Having automated recovery procedures is good, but making sure they work is better. If you’re new to the cloud, you may be used (in your on-premises environment) to testing your workloads and making sure they work in “normal” conditions, but you may be less used to testing recovery procedures to handle failures.
In the cloud, validating your recovery procedures is as easy as starting a test environment, deploying your workload on it, and carrying out enough tests to simulate various failure types. This will allow you to test, make fixes, or apply changes to your workloads, and to feel more confident that they can handle a real failure when it occurs, thus reducing your risks.
Large monolithic systems that only scale vertically, that is, by adding more resources such as CPU and RAM, can lead to a complete system failure when unexpected events occur. It is thus highly recommended to design systems that can scale horizontally, that is, by replicating some or all of its components.

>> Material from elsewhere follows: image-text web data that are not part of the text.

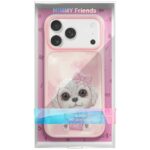 Case Nimmy Big Eyed Pet 2.0 Dog for iPhone 17 Pro pink - imagine 2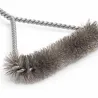 Brosse barbecue triangulaire 30 cm - Nettoyage efficace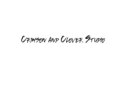 Crimson and Clover Studio logo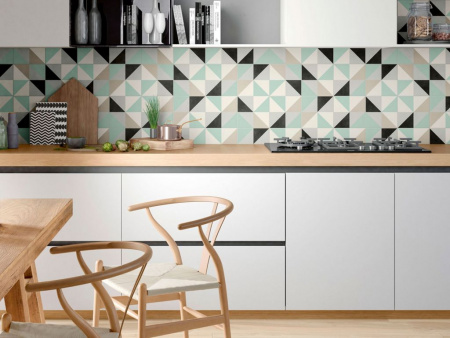 Керамогранит ORIGINAL D GREY NAT 20x20 от Elios/Exelle (Италия)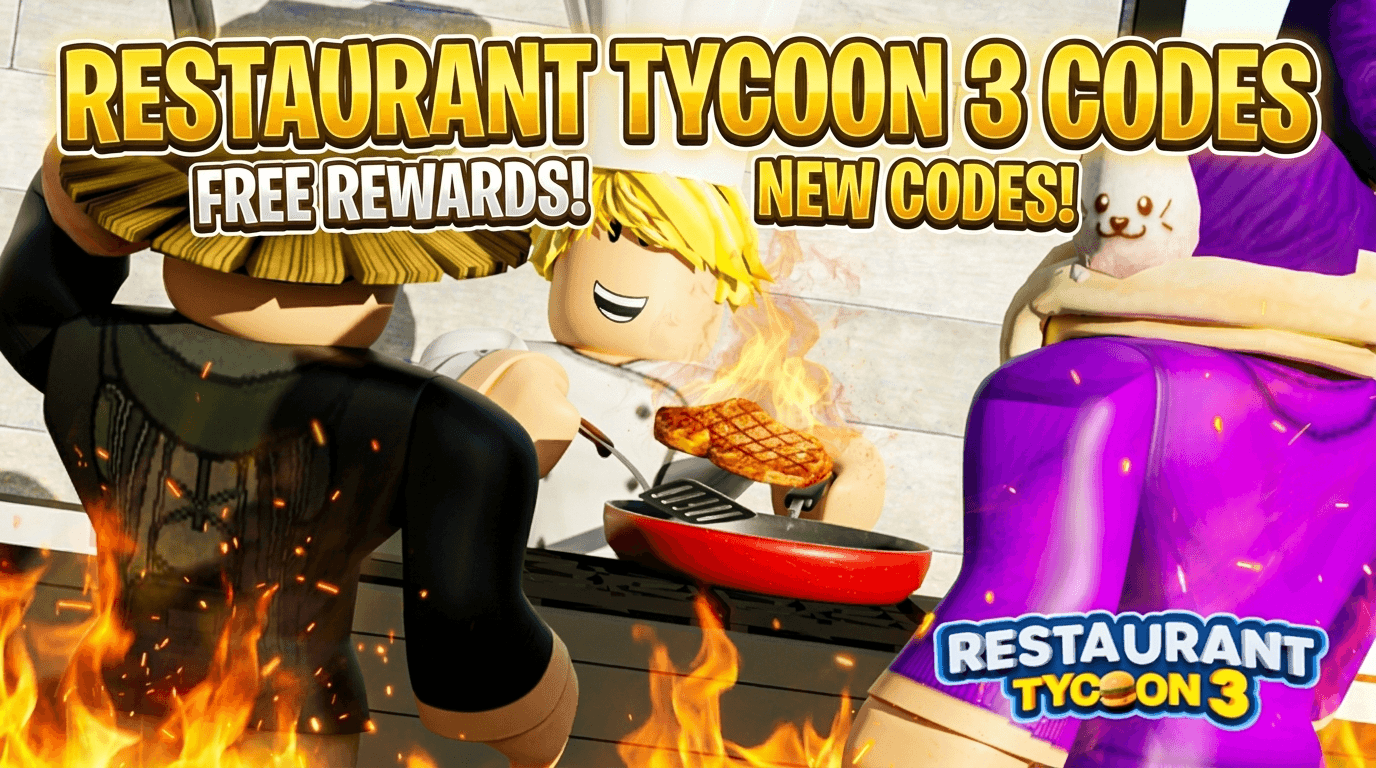 Restaurant Tycoon 3 Codes June 2026 RoCodes 7094518649 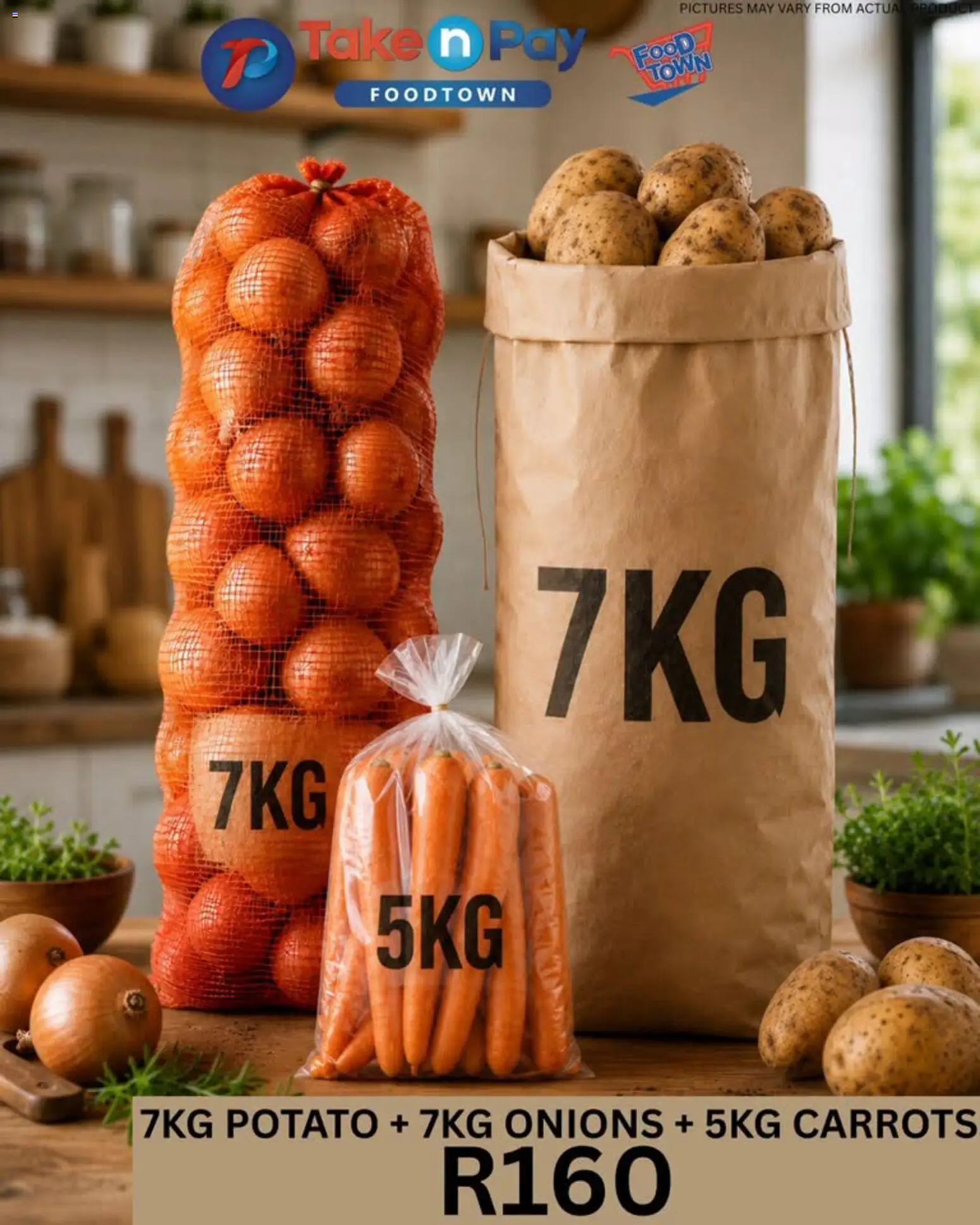 New Take n Pay catalogue – valid from 28/07/2026 | Page: 17 | Products: Carrots, Onions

By replacing a large resource with multiple smaller ones, you inherently reduce the impact of a single failure on the overall system. Doing so at every layer of your system (infrastructure elements, communication system, frontend, and backend components) will allow you to get rid of single points of failure and, as a result, improve the overall reliability of your workload.
Resource exhaustion is one of the most natural causes of failure for any workload. It occurs when the system’s capacity is outrun by the demand set on a workload. Excessive demand could result from a genuine peak in the demand or from malicious usage, such as denial-of-service attacks. An on-premises environment requires you to guess your capacity needs to provision the necessary infrastructure upfront. The cloud gives you elasticity for you to scale as much as you need to meet the demand, provided that your design supports it.
So, no more capacity guessing. Instead, you first need to ensure that your application can scale horizontally; that’s most important. Second, you need to watch service quotas to make sure they don’t keep your workload from scaling out. Some service quotas are set on your accounts to protect you from over-provisioning resources. However, in some cases, you may need more resources than your current quotas allow. Most of these quotas can be adjusted, provided that you submit a request to increase them on time. So, it is important to monitor them regularly to anticipate any potential limit being reached.
All changes made to your infrastructure should be automated. This is a matter of being able to make consistent deployments that you can track and repeat at will. Deploying changes manually is error-prone and should be avoided when managing distributed systems at scale. In the cloud, you want the ability to re-create an exact copy of any specific environment at any time, be it for test or business continuity purposes.